Western powers have no moral right to demonise Zimbabwe President Robert Mugabe, former Zambian President Kenneth Kaunda said on yesterday.
Kaunda, one of the few African statesmen with Mugabe's liberation-era credentials, said Zimbabwe's economic and political woes were largely due to "broken promises" by former colonial power Britain on land reforms.
"Mugabe should not be demonised ... he will not accept any humiliation. He needs to be talked to see sense in doing something to change things in Zimbabwe because he is a victim of broken promises from Britain," Kaunda told Reuters.
"We need to find an answer and not to throw accusations at him."
Kaunda said Zimbabwe required the immediate intervention of African leaders and this would have to be through talks that brought Mugabe and leader of the Opposition Movement for Democratic Change (MDC), Morgan Tsvangirai, together.

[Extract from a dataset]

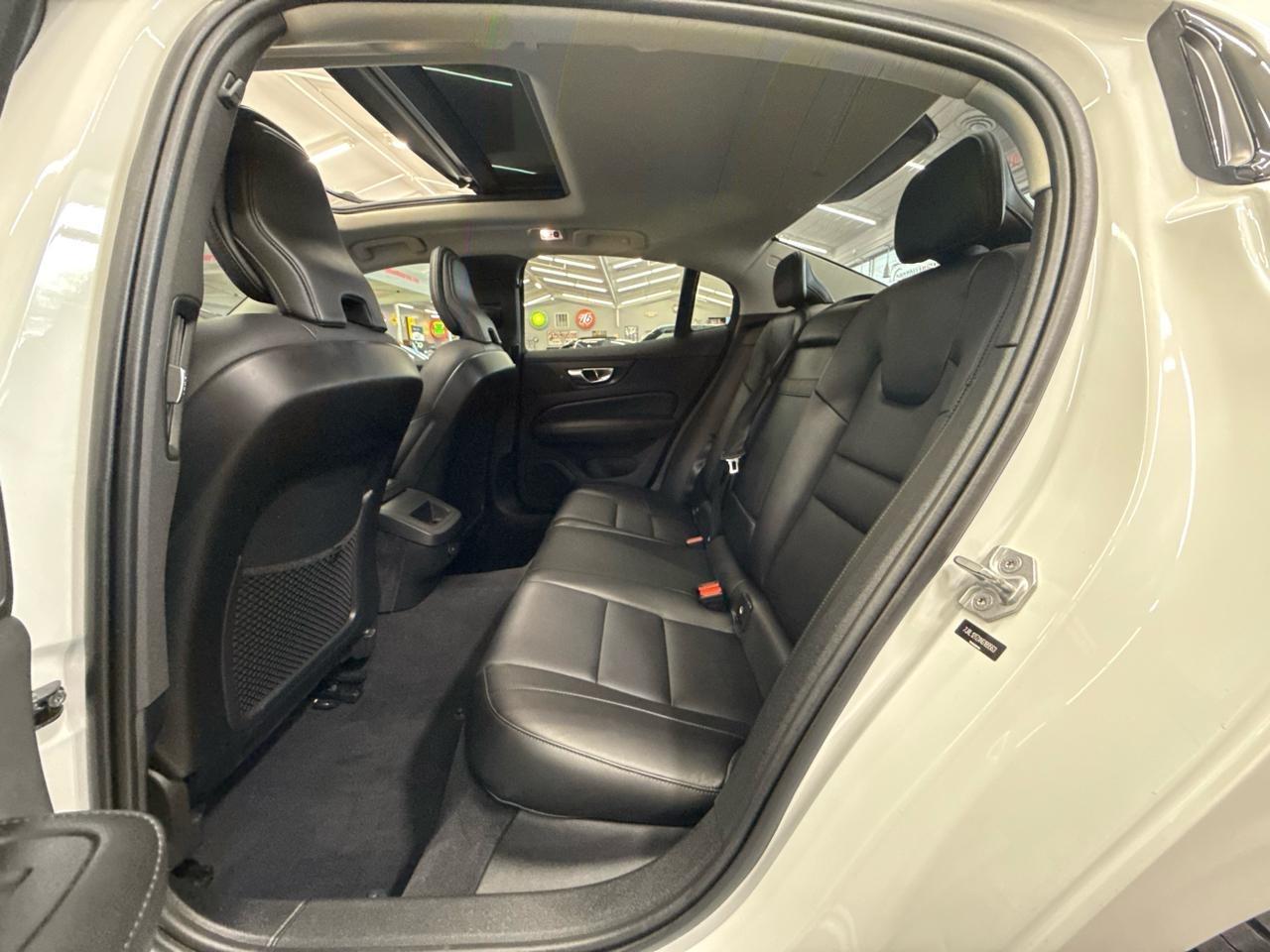 Volvo S60  2022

Tsvangirai was badly beaten this month after he attempted to attend a banned protest rally, spurring international condemnation of Mugabe's government.
Act quickly to guide Mugabe
Few African governments have joined in the criticism. Zambia's President, Levy Mwanawasa, said the region would have to agree on a new approach to Mugabe.
Kaunda said Nigerian President Olusegun Obasanjo, former Mozambique president Joaquim Chissano and other African leaders should act quickly to guide Mugabe and Tsvangirai towards a negotiated settlement.
"Of course, what is happening in Zimbabwe needs to be solved and African leaders must get involved," he said.
BRITAIN AT FAULT?
Kaunda accused the British government of failing to honour a 1979 agreement to carry out land reforms in its former colony to rectify post-independence imbalances in land ownership between black and white.
Kaunda played a major role in the independence of Zimbabwe from Britain in 1980.
"I attended a meeting in London where (former British prime minister) Margaret Thatcher agreed to help Zimbabwe to carry out a land redistribution exercise, but when the Labour Party came to power, they withdrew from the programme," Kaunda said.